What the exercise asks: Go through the entries and transcribe each one exactly, dropping the pictures.

+++ Data to process

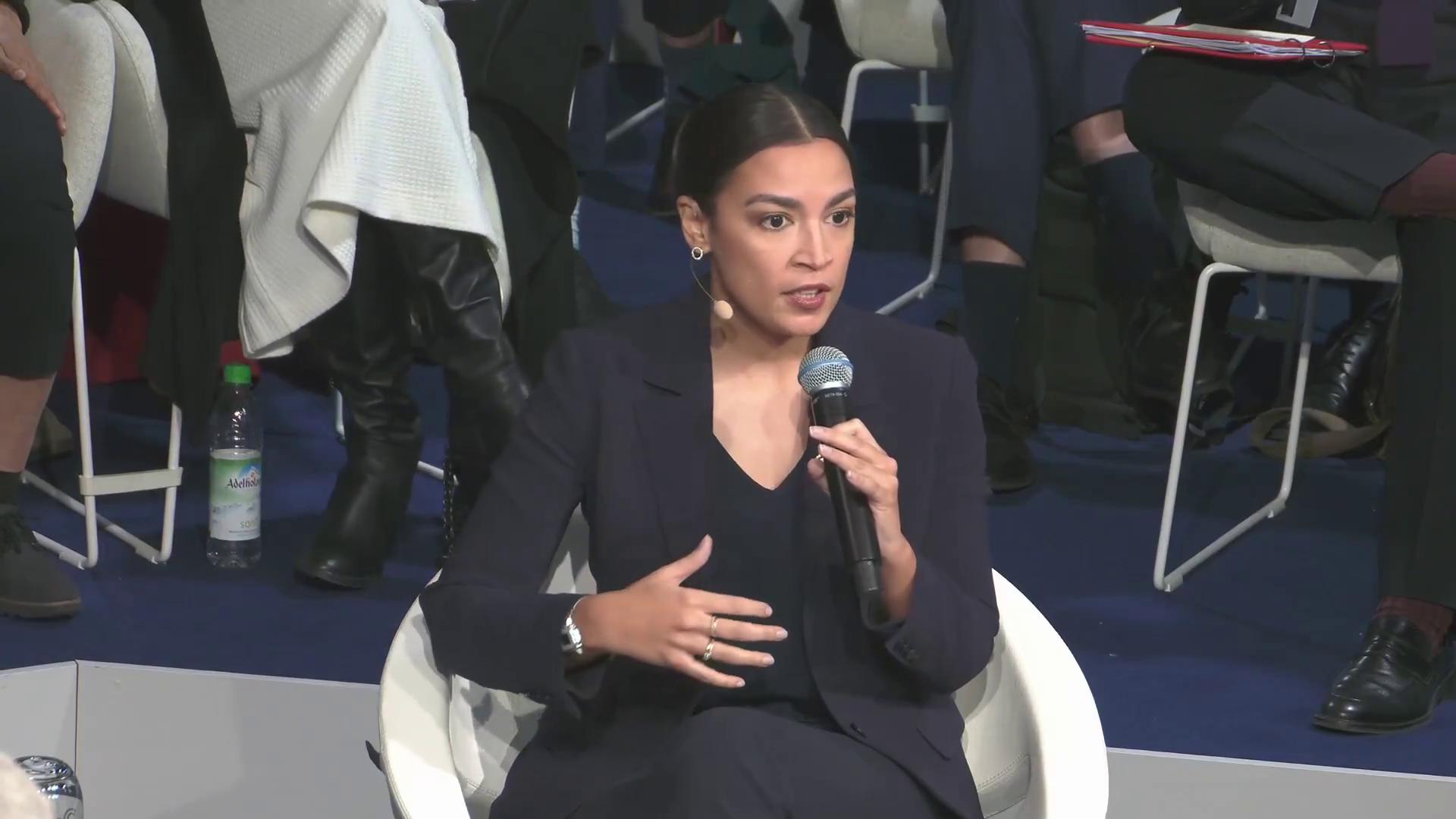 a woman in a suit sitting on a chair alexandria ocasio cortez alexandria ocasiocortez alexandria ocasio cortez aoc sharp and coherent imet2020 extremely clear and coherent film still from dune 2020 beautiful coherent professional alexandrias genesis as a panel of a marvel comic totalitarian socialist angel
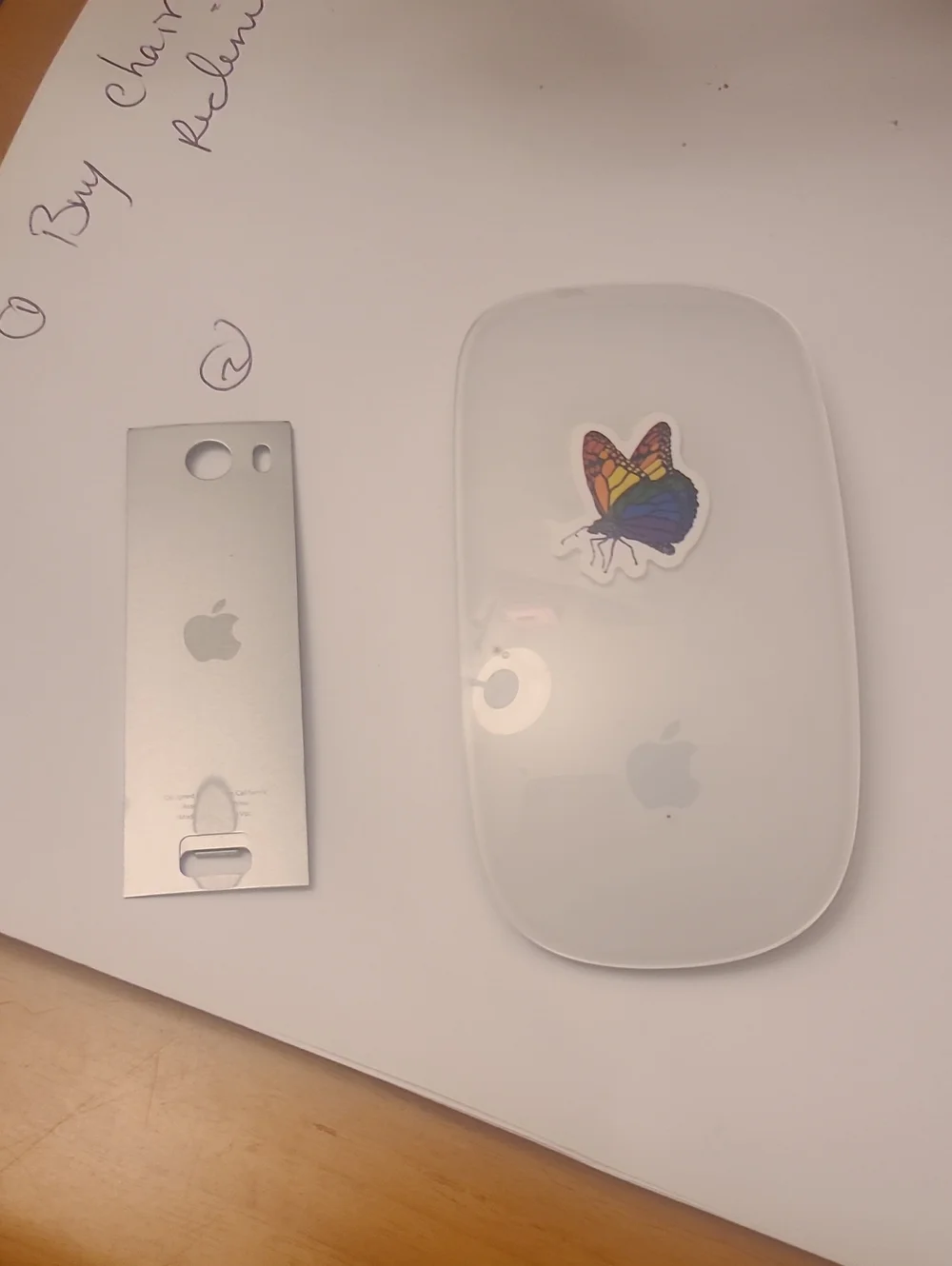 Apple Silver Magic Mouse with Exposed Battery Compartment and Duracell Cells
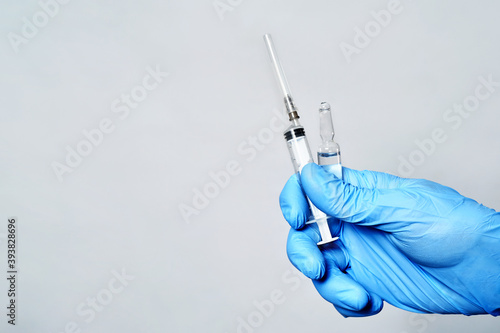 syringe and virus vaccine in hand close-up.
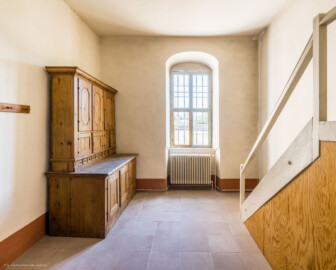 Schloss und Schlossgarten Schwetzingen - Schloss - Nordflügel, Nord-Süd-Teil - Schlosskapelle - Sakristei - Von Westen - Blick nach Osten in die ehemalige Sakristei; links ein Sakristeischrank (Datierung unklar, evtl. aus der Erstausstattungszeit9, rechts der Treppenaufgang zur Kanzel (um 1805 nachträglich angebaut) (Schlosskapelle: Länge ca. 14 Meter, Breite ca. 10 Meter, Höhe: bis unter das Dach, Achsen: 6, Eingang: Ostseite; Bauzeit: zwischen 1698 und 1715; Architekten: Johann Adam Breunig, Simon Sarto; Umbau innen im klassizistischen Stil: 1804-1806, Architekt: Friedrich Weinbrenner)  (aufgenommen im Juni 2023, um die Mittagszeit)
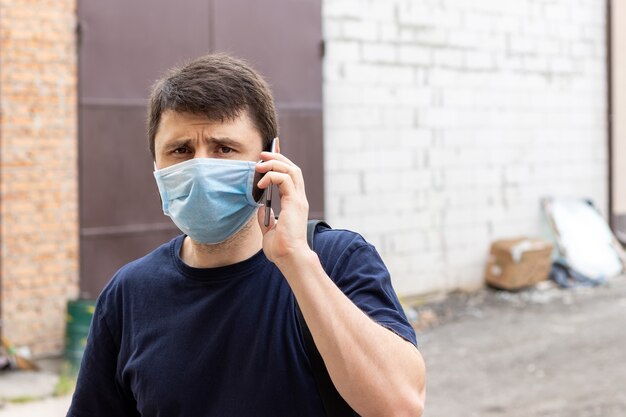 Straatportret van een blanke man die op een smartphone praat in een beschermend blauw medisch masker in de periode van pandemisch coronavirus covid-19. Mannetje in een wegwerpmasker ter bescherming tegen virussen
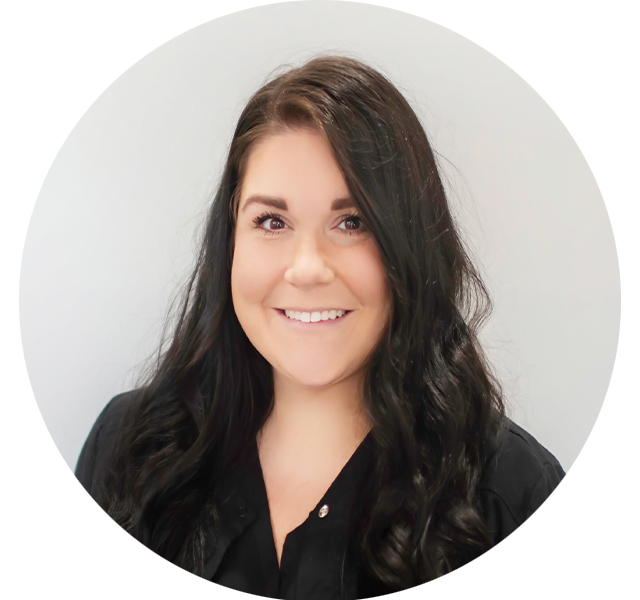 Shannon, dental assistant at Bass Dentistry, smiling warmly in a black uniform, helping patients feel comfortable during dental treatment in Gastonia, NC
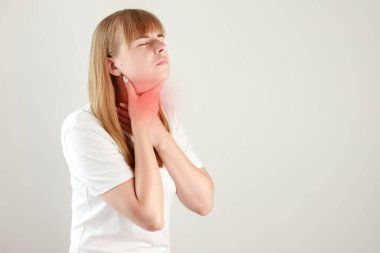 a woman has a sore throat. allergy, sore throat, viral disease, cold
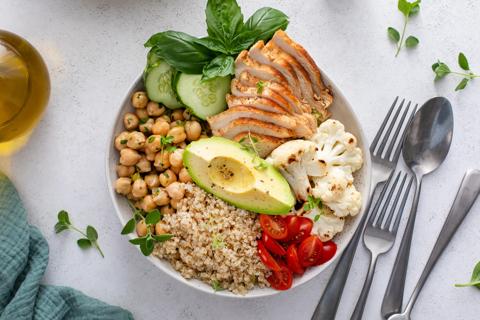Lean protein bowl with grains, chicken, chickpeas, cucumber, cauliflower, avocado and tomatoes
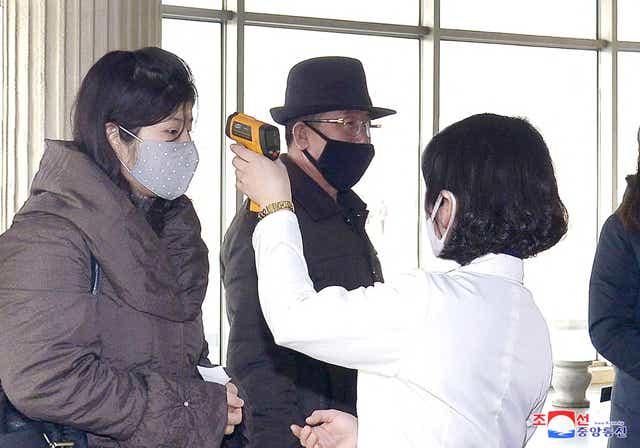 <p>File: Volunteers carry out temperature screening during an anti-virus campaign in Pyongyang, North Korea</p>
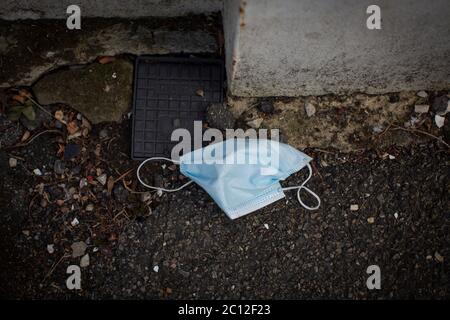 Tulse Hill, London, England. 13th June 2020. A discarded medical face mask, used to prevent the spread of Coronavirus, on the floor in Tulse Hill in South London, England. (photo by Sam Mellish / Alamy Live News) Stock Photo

++++++

Problem solution:
 a woman in a suit sitting on a chair alexandria ocasio cortez alexandria ocasiocortez alexandria ocasio cortez aoc sharp and coherent imet2020 extremely clear and coherent film still from dune 2020 beautiful coherent professional alexandrias genesis as a panel of a marvel comic totalitarian socialist angel
 Apple Silver Magic Mouse with Exposed Battery Compartment and Duracell Cells
 syringe and virus vaccine in hand close-up.
 Schloss und Schlossgarten Schwetzingen - Schloss - Nordflügel, Nord-Süd-Teil - Schlosskapelle - Sakristei - Von Westen - Blick nach Osten in die ehemalige Sakristei; links ein Sakristeischrank (Datierung unklar, evtl. aus der Erstausstattungszeit9, rechts der Treppenaufgang zur Kanzel (um 1805 nachträglich angebaut) (Schlosskapelle: Länge ca. 14 Meter, Breite ca. 10 Meter, Höhe: bis unter das Dach, Achsen: 6, Eingang: Ostseite; Bauzeit: zwischen 1698 und 1715; Architekten: Johann Adam Breunig, Simon Sarto; Umbau innen im klassizistischen Stil: 1804-1806, Architekt: Friedrich Weinbrenner)  (aufgenommen im Juni 2023, um die Mittagszeit)
 Straatportret van een blanke man die op een smartphone praat in een beschermend blauw medisch masker in de periode van pandemisch coronavirus covid-19. Mannetje in een wegwerpmasker ter bescherming tegen virussen
 Shannon, dental assistant at Bass Dentistry, smiling warmly in a black uniform, helping patients feel comfortable during dental treatment in Gastonia, NC
 a woman has a sore throat. allergy, sore throat, viral disease, cold
Lean protein bowl with grains, chicken, chickpeas, cucumber, cauliflower, avocado and tomatoes
 <p>File: Volunteers carry out temperature screening during an anti-virus campaign in Pyongyang, North Korea</p>
 Tulse Hill, London, England. 13th June 2020. A discarded medical face mask, used to prevent the spread of Coronavirus, on the floor in Tulse Hill in South London, England. (photo by Sam Mellish / Alamy Live News) Stock Photo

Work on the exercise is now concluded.